Package 'tilting'

Title: Variable Selection via Tilted Correlation Screening Algorithm
Description: Implements an algorithm for variable selection in high-dimensional linear regression using the "tilted correlation", a new way of measuring the contribution of each variable to the response which takes into account high correlations among the variables in a data-driven way.
Authors: Haeran Cho [aut, cre], Piotr Fryzlewicz [aut]
Maintainer: Haeran Cho <[email protected]>
License: GPL (>= 2)
Version: 1.1.1
Built: 2025-03-01 02:48:45 UTC
Source: https://github.com/cran/tilting

Help Index


Variable Selection via Tilted Correlation Screening Algorithm

Description

Implements an algorithm for variable selection in high-dimensional linear regression using the "tilted correlation", a way of measuring the contribution of each variable to the response which takes into account high correlations among the variables in a data-driven way.

Details

Package: tilting
Type: Package
Version: 1.1.1
Date: 2016-12-22
License: GPL (>= 2)
LazyLoad: yes

The main function of the package is tilting.

Author(s)

Haeran Cho, Piotr Fryzlewicz

Maintainer: Haeran Cho <[email protected]>

References

H. Cho and P. Fryzlewicz (2012) High-dimensional variable selection via tilting, Journal of the Royal Statistical Society Series B, 74: 593-622.

Examples

X <- matrix(rnorm(100*100), 100, 100) # 100-by-100 design matrix
y <- apply(X[,1:5], 1, sum)+rnorm(100) # first five variables are significant

tilt <- tilting(X, y, op=2)
tilt$active.hat # returns the finally selected variables

Compute the L2 norm of each column

Description

The function returns a vector containing the L2 norm of each column for a given matrix.

Usage

col.norm(X)

Arguments

X

a matrix for which the column norms are computed.

Value

A vector containing the L2 norm of the columns of X is returned.

Author(s)

Haeran Cho


Select a threshold for sample correlation matrix

Description

The function selects a threshold for sample correlation matrix.

Usage

get.thr(C, n, p, max.num = 1, alpha = NULL, step = NULL)

Arguments

C

sample correlation matrix of a design matrix.

n

the number of observations of the design matrix.

p

the number of variables of the design matrix.

max.num

the number of times for which the threshold selection procedure is repeated.

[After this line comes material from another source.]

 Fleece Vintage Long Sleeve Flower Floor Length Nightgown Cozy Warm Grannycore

Usually max.num==1 is used.

alpha

The level at which the false discovery rate is controlled. When alpha==NULL, it is set to be 1/sqrt(p).

step

the size of a step taken when screening the p(p-1)/2 off-diagonal elements of C.

Value

thr

selected threshold.

thr.seq

when max.num>1, the sequence of thresholds selected at each iteration.

Author(s)

Haeran Cho

References

H. Cho and P. Fryzlewicz (2012) High-dimensional variable selection via tilting, Journal of the Royal Statistical Society Series B, 74: 593-622.

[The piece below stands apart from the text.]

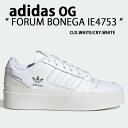 adidas originals アディダス スニーカー FORUM BONEGA IE4753 厚底スニーカー フォーラムボネガ WHITE BEIGE シューズ 厚底 プラットフォーム メンズ レディース【中古】未使用品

Compute the least squares estimate on a given index set

Description

The function returns an estimate of the coefficient vector for a linear regression problem by setting the coefficients corresponding to a given index set to be the least squares estimate and the rest to be equal to zero.

Usage

lse.beta(X, y, active = NULL)

Arguments

X

design matrix.

y

response vector.

active

the index set on which the least squares estimate is computed.

Value

An estimate of the coefficient vector is returned as above. If active==NULL, a vector of zeros is returned.

Author(s)

Haeran Cho


Compute the projection matrix onto a given set of variables

Description

The function computes the projection matrix onto a set of columns of a given matrix.

Usage

projection(X, active = NULL)

Arguments

X

a matrix containing the columns onto which the projection matrix is computed.

active

an index set of the columns of X.

Value

Returns the projection matrix onto the columns of "X" whose indices are included in "active". When active==NULL, a null matrix is returned.

Author(s)

Haeran Cho


Select the final model

Description

The function returns the final model as a subset of the active set chosen by Tilted Correlation Screening algorithm, for which the extended BIC is minimised.

Usage

select.model(bic.seq, active)

Arguments

bic.seq

the sequence of extended BIC at each iteration.

active

the index set of selected variables by Tilted Correlation Screening algorithm.

Value

The index set of finally selected variables is returned.

Author(s)

Haeran Cho


Hard-threshold a matrix

Description

For a given matrix and a threshold, the function performs element-wise hard-thresholding based on the absolute value of each element.

Usage

thresh(C, alph, eps = 1e-10)

Arguments

C

a matrix on which the hard-thresholding is performed.

alph

threshold.

eps

effective zero.

Value

Returns the matrix C after hard-thresholding.

Author(s)

Haeran Cho


Variable selection via Tilted Correlation Screening algorithm

Description

Given a design matrix and a response vector, the function selects a threshold for the sample correlation matrix, computes an adaptive measure for the contribution of each variable to the response variable based on the thus-thresholded sample correlation matrix, and chooses a variable at each iteration. Once variables are selected in the "active" set, the extended BIC is used for the final model selection.

Usage

tilting(X, y, thr.step = NULL, thr.rep = 1, max.size = NULL, max.count = NULL,
op = 2, bic.gamma = 1, eps = 1e-10)

Arguments

X

design matrix.

y

response vector.

thr.step

a step size used for threshold selection. When thr.step==NULL, it is chosen automatically.

thr.rep

the number of times for which the threshold selection procedure is repeated.

max.size

the maximum number of the variables conditional on which the contribution of each variable to the response is measured (when max.size==NULL, it is set to be half the number of observations).

max.count

the maximum number of iterations.

op

when op==1, rescaling 1 is used to compute the tilted correlation. If op==2, rescaling 2 is used.

bic.gamma

a parameter used to compute the extended BIC.

eps

an effective zero.

Value

active

active set containing the variables selected over the iterations.

thr.seq

a sequence of thresholds selected over the iterations.

bic.seq

extended BIC computed over the iterations.

active.hat

finally chosen variables using the extended BIC.

Author(s)

Haeran Cho

References

H. Cho and P. Fryzlewicz (2012) High-dimensional variable selection via tilting, Journal of the Royal Statistical Society Series B, 74: 593-622.

Examples

X<-matrix(rnorm(100*100), 100, 100) # 100-by-100 design matrix
y<-apply(X[,1:5], 1, sum)+rnorm(100) # first five variables are significant

tilt<-tilting(X, y, op=2)
tilt$active.hat # returns the finally selected variables